On a small plot of land behind THEARC’s Mississippi Avenue SE arts and education campus, Boone and his colleagues tend to 27 fruit trees, 20-plus raised beds, two hoop houses and four honeybee hives — all of which provide fresh food for the community.
Around the corner is Ward 8’s only full-service grocery store, which serves 85,160 residents.
“What they’re working on is really a model for what could be in D.C., in terms of urban agriculture,” said THEARC’s farm director Dominic Hosack.
“And while these farms can never feed every single person that lives in Ward 8, we want to serve as a model for folks growing their own food, becoming food entrepreneurs and kind of taking control of their food and the ways that they eat.”
The produce grown on the 10-year-old farm — which includes tomatoes, peppers, sweet potatoes and eggplant — gets shared with about 60 local families who participate in a community supported agriculture program, or CSA. And every few weeks during the summer months, jars of honey, collected from the farm’s hives, are included in the shares.
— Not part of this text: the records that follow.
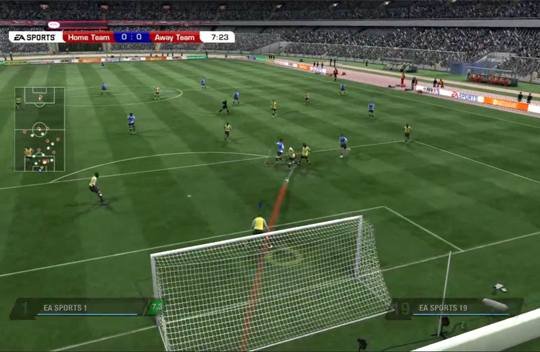 FIFA 11: Bramkarzem być [WIDEO]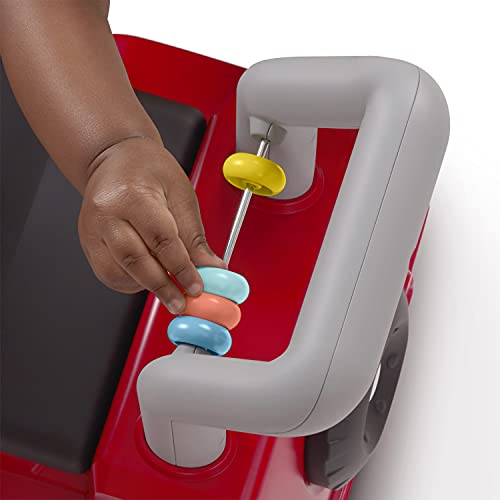Radio Flyer Tinker Truck With Lights & Sounds, Toddler Ride On Toy, For Ages 1-3, Red - Image 6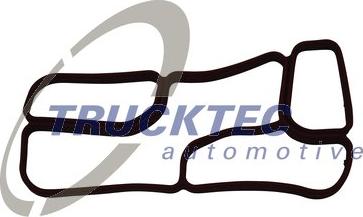 Trucktec Automotive 02.18.128 - Прокладка, масляний радіатор autocars.com.ua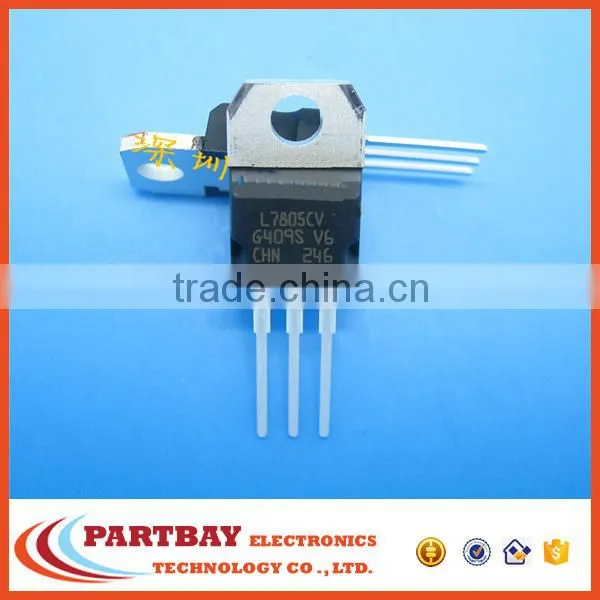 Original New transistor TO220 L7805CV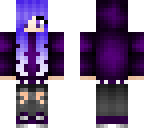 purprle girl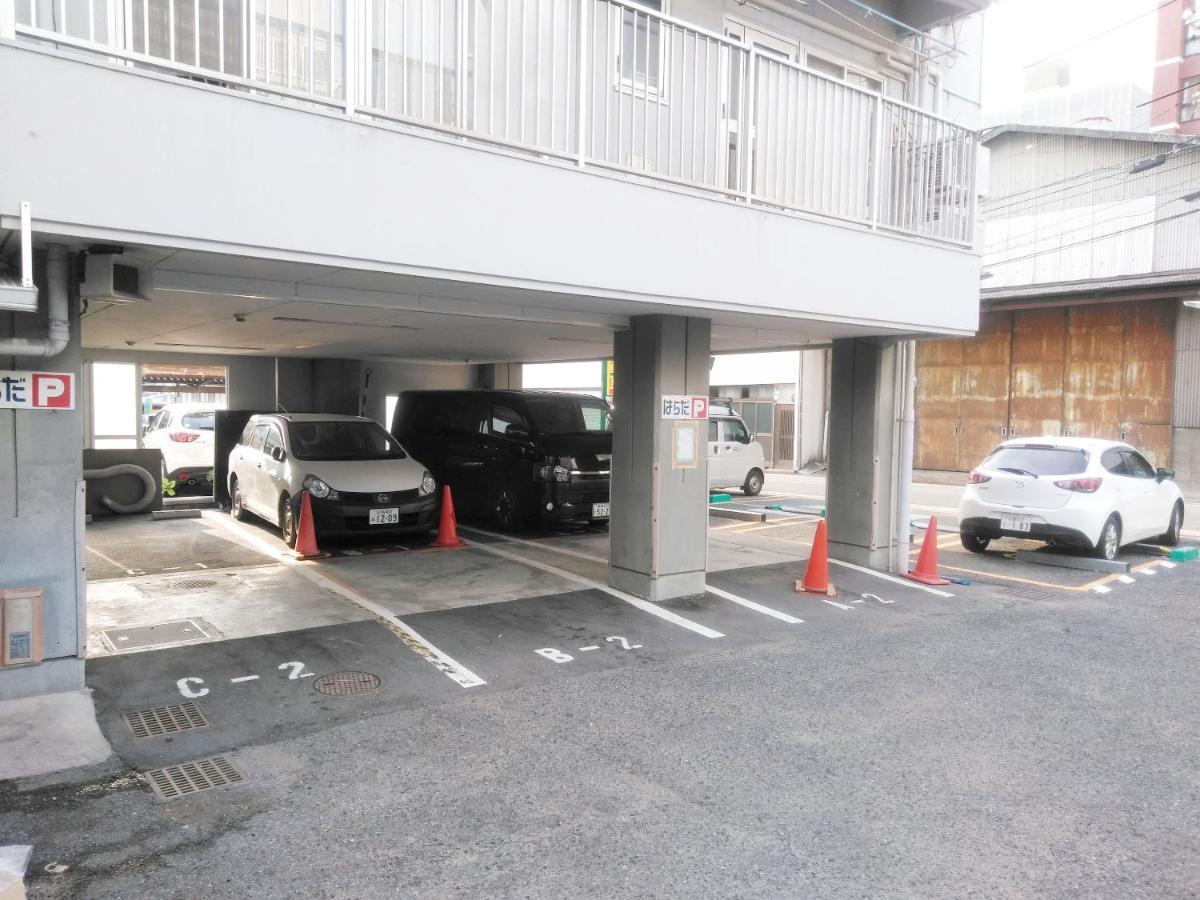 Business Ryokan Harada Hotel Hiroshima Exterior photo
Others are sold at area farmers markets.
Sarah Dachos is a D.C.-based beekeeper who partners with THEARC Farm to help educate and mentor interested members of the community. On June 21, she led a free honey harvest workshop at the farm and walked participants through the steps it takes to get the honey from the hive to the jar.
She said beekeeping, alone, doesn’t provide enough of an income to live on — especially in D.C. Bees do, however, help ensure farmers yield a profitable crop.
“Urban agriculture, in general, is such a great way to bring around community cohesion, to teach people how to advocate for good food policy and how to provide healthy food into areas of our city that might not have access that other areas do,” Dachos said.
“And beekeeping in an integral part of that,” she added.
THEARC and its parent organization, Building Bridges Across the River, recently brought six other urban farms and gardens to schools, places of worship and housing communities throughout Ward 8. These plots not only serve as places for the community to grow and access fresh and healthy food, but also as classrooms for the organization’s free workshops, which range from cooking to composting and gardening maintenance.
“I tell people I’m a farmer all the time, and they’re like, ‘Where’s the farm at in D.C.?’” Boone said.
He likes to watch their expressions change from doubt to shock when he tells them, “Mississippi Avenue. And I manage it.”